Vote on Slavery Apology Continues to Attract Attention; Senate Action Possible?

| July 30, 2008
hres194.jpg

Will the U.S. Senate follow up Tuesday's action by the House of Representatives and consider its own resolution apologizing for slavery and the Jim Crow segregationist past? The Washington Post cites 9th District congressman Steve Cohen, author of the House resolution, as saying that Iowa senator Tom Harkin is the likely sponsor of a companion resolution.

Since the passage of the House resolution by acclamation on Tuesday, the apology-for-slavery issue has attracted considerable attention, both nationally and internationally. The Post article, titled "House Issues Apology for Slavery," was one of 333 articles listed by Google, as of midnight Wednesday, that pertain directly to this week's action on the resolution.

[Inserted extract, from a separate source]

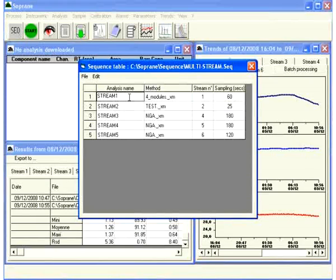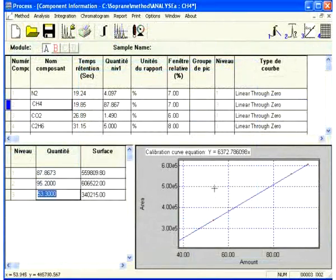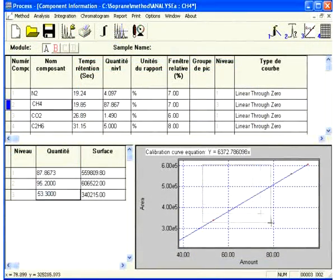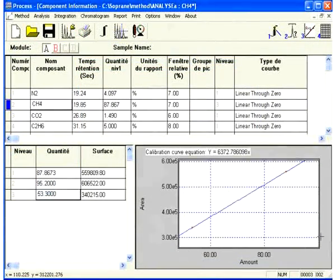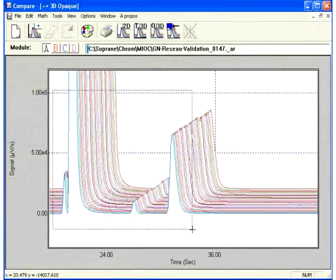Manage multi-stream analysis sequences. Offer intelligent multi-level calibration capability. Permit rapid detailed comparison of analysis results.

As the Post noted, the House vote was but the latest in a series of such remedial actions adopted by Congress. "In February, the Senate apologized for atrocities committed against Native Americans, and the body apologized in 2005 for standing by during a lynching campaign against African Americans throughout much of the past century. Twenty years ago, Congress apologized for interning Japanese Americans in concentration camps during World War II."

The resolution had 120 co-sponsors in the House, including Reps. Gregory Meeks (D-N.Y..) and Stephanie Tubbs-Jones (D-Ohio), the only two members of the Congressional Black Caucus who have lent their names to the campaign of Cohen's Democratic primary opponent, Nikki Tinker. House Judiciary chairman John Conyers (D-Mich.), and civil rights legend. John Lewis (D-Ga.), both of whom have endorsed Cohen for reelection, were among the original co-sponsors of the House resolution.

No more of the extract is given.